“No puede retroceder el tiempo señor, solo Dios puede hacerlo”. Don Haskins, otro de los asistentes de Hank Iba, amenazó con abandonar la cancha y llevar a todo el equipo a vestuarios. Jones le respondió que si hacía eso, podían olvidarse de la medalla de oro. Iba fue contundente: “No quiero perder este partido sentado en los vestuarios”. Con la tensión por los aires, los nervios a flor de piel, los americanos decidieron quedarse en la pista.

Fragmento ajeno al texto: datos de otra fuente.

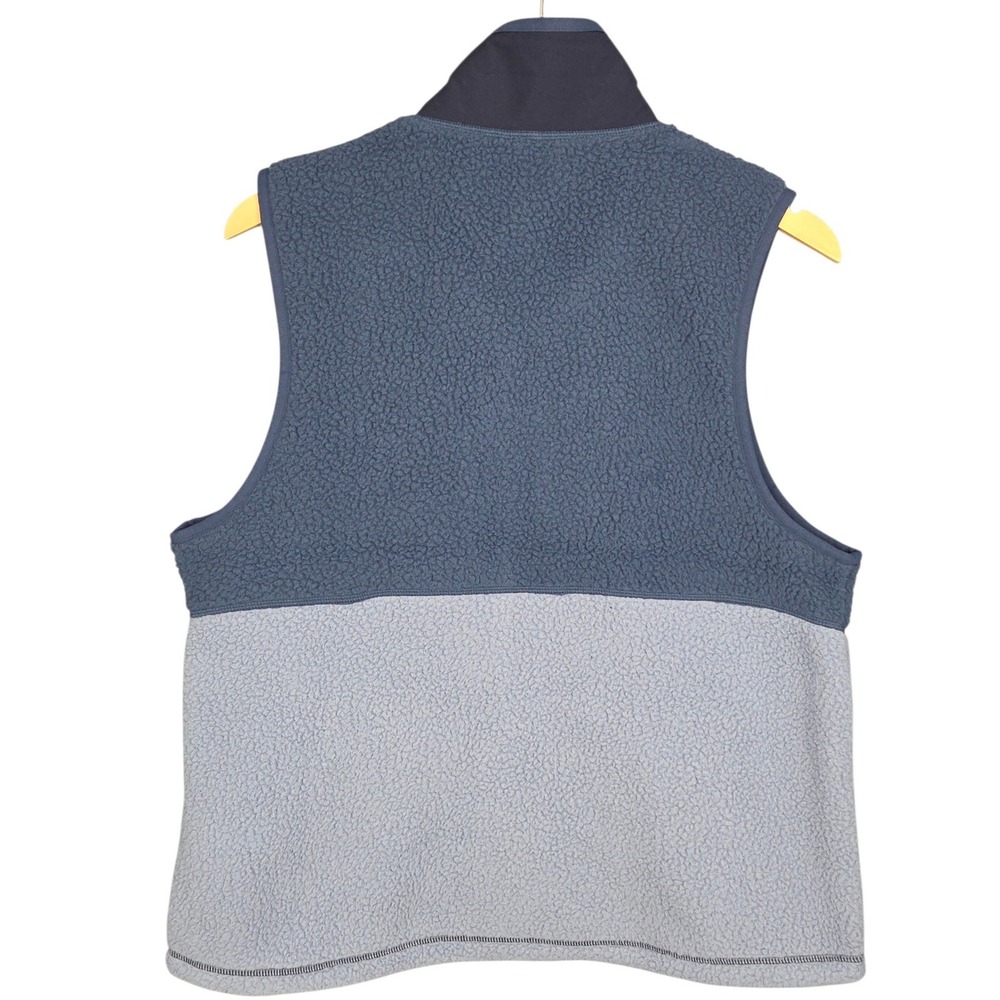 The North Face Cragmont Vest Womens Large Blue Sherpa Fleece Relaxed Fit Zip NEW - Picture 3 of 10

Iba, en otra extraña decisión, no introdujo a ninguno de sus jugadores altos para defender la última jugada y sólo Tom McMillen se encontraba en la cancha. Mc Millen presionó el saque de fondo de Edeshko, pero Artenik Arabadjian, el árbitro búlgaro, le pidió que se separara del jugador soviético. Con el ambiente enrarecido y las pulsaciones a mil por hora, Mc Millen hizo caso al colegiado aunque su acción no era para nada ilegal: “En el fragor de la batalla, después de todo lo que había pasado, y para evitar que pudiera pitarme una falta técnica, accedí a separarme de Edeshko”, relató Mc Millen. Ese movimiento permitió al jugador soviético tener mucha más libertad para estirar el brazo y buscar el balón largo para Alexander Belov, que recibió la pelota, se deshizo de Joyce y Forbes, defensores más bajos que él, y anotó a tablero la canasta más importante de su vida. El jugador soviético corrió hacia su campo, donde estaba el banquillo del equipo, y una montaña de jugadores le rodeó mientras, en el otro lado, los norteamericanos no podían creérselo. Habían ganado el partido dos veces, pero hasta la tercera, nunca mejor dicho, no fue la vencida. A la 1.18 de la madrugada, Estados Unidos había perdido el primer partido olímpico de su historia. Un encuentro inolvidable que marcó a sus protagonistas para siempre.
Jim Forbes, el hombre que defendía a Belov, no deja de tener presente en ese instante: “No hay día que no me levante y piense que he decepcionado a mi país”.